ACTION ITEM ▸
Every line below between the line holding "Used 2024 Jeep" and the line holding "Thousands of Argentines", inclusive, should be repeated exactly, and all other lines omitted.

Web page caption snippets ▸
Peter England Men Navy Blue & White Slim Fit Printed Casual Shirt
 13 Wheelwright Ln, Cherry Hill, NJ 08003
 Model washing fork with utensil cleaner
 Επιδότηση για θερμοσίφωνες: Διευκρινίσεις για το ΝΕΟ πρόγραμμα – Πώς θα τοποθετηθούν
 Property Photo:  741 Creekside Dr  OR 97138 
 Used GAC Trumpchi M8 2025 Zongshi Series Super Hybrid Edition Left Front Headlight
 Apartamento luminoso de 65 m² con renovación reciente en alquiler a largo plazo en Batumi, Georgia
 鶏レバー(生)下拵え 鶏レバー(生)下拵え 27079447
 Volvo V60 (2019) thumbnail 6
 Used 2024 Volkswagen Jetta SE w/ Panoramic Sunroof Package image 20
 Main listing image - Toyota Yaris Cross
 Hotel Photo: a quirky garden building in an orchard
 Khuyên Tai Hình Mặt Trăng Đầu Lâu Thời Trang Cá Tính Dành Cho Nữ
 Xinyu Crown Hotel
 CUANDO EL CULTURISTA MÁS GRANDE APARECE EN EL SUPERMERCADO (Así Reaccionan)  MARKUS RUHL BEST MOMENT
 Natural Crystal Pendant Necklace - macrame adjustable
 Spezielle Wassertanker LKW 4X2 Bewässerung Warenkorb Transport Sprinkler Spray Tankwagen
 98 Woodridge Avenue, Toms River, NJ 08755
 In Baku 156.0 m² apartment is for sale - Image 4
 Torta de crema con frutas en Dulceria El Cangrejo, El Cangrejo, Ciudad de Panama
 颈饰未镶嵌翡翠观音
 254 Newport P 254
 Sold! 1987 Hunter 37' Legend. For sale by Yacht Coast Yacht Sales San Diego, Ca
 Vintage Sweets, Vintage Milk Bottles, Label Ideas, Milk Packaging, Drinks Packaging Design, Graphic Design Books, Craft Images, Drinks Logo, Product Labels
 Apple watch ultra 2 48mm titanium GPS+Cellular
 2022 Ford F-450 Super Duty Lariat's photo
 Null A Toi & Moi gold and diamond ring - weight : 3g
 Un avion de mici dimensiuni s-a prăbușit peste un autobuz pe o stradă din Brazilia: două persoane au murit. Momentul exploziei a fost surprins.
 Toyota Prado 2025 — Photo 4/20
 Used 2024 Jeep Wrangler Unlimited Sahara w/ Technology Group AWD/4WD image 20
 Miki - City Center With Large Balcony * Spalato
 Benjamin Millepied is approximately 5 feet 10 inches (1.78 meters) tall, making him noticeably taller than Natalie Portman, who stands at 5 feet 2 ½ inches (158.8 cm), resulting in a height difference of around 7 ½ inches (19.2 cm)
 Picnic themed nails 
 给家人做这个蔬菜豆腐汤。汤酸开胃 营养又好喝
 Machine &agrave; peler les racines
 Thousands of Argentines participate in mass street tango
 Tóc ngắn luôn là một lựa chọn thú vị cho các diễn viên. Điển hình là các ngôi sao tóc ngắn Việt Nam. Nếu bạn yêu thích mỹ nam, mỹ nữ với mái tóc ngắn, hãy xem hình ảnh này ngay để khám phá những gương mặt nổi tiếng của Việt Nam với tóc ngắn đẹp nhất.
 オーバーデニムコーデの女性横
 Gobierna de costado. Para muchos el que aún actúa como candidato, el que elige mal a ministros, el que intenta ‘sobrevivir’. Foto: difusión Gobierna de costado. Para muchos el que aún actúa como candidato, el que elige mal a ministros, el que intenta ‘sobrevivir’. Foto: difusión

ANSWER SECTION ▸
 Used 2024 Jeep Wrangler Unlimited Sahara w/ Technology Group AWD/4WD image 20
 Miki - City Center With Large Balcony * Spalato
 Benjamin Millepied is approximately 5 feet 10 inches (1.78 meters) tall, making him noticeably taller than Natalie Portman, who stands at 5 feet 2 ½ inches (158.8 cm), resulting in a height difference of around 7 ½ inches (19.2 cm)
 Picnic themed nails 
 给家人做这个蔬菜豆腐汤。汤酸开胃 营养又好喝
 Machine &agrave; peler les racines
 Thousands of Argentines participate in mass street tango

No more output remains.